One need not go all the way to blowing up the pyramids, as some of Egypt’s Salafis wish to do after they seized some 35% of the new parliament seats (alongside 40% of the Islamic brotherhood,) and there is no reason to go as far as Afghanistan, where the Taliban blew up the huge Buddha statues. The elimination of Egypt’s non-Muslim past is already here.
Anything that dates back to the Pharaohs, that is ancient, or that is Western is destined to be destroyed, and the mission has already been launched in the most symbolic manner: The outset of Egypt’s modern era, which the Salafis seek to erase, and in fact rewrite. This is a battle for writing the history of Egypt and of the Arab and Muslim world.
This isn’t a new phenomenon, and in Jerusalem as well we see elements associated with political Islam trying to erase any presence of the 3,000-year Jewish existence there, on Temple Mount for example – existence that pre-dated Islam.
In 1258, the Mongols burned the immense library in Baghdad known as the “House of Wisdom.” It held rare writings that have disappeared forever, Plato, Aristotle, Pythagoras, and the other cornerstones of Western civilization. All we know today is that these books existed, yet following the terrible fire in Baghdad they were burned forever. The Mongols sought to secure the same objective as Egypt’s Salafis: Erasing the past and keeping only their present.
All of this is happening while the confused West is lauding the new democracy established in Egypt, without understanding that this democracy is erasing the historic Egypt that was intimately connected to the West and its culture; a new Egypt shall rise on the ruins of the great fire. What we are seeing here is not a battle for power, but rather, a battle for perception, memory, heritage and historiography; that is, the writing of history.

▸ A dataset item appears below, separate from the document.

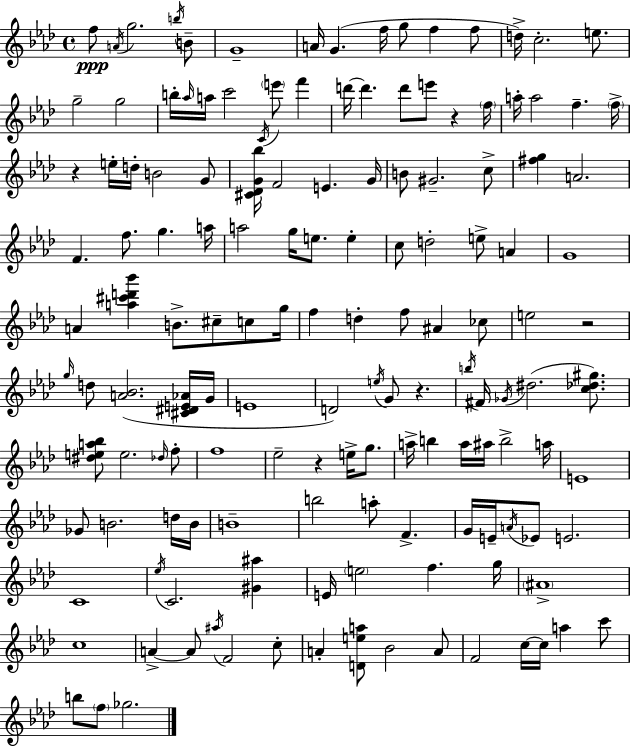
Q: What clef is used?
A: treble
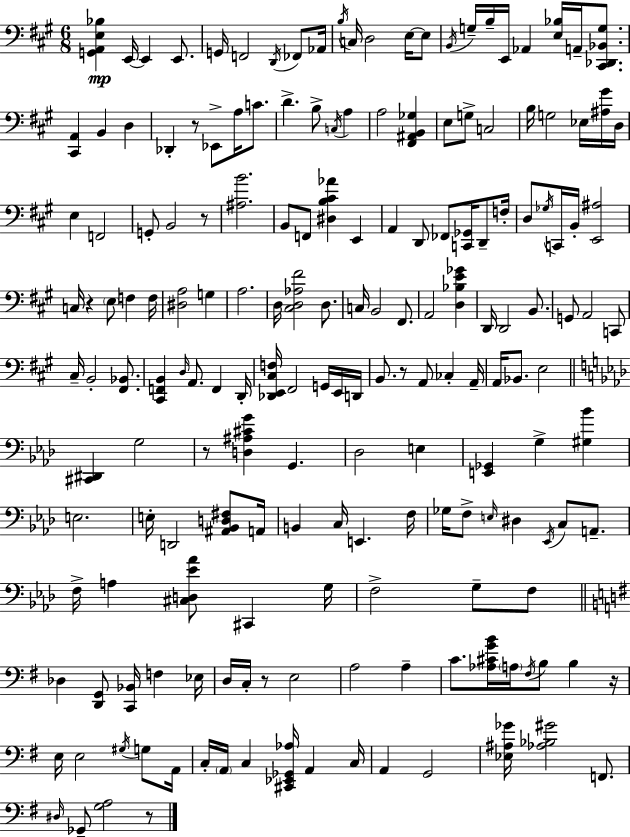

Oddly, this is happening in Egypt of all places, a state that always demanded the return of the archeological findings taken from it as part of its national ethos. Artifacts of the era of the Pharaohs are still held in London and in Paris, yet Israel already returned all the archeological findings it discovered in the Sinai. Now, it is doubtful whether Egypt would be able to safeguard its own museums, which are also facing the threat of fire and looting.
And who is supposed to raise a hue and cry over the burning of Egypt’s Western past? Who is supposed to be greatly disturbed by the fact that Egyptian authorities are having trouble protecting their own museums? UNESCO, the United Nations Education, Scientific and Cultural Organization. Yet not much is happening there. Well, we can’t blame this organization; after all, it is preoccupied with admitting “Palestine” into its ranks.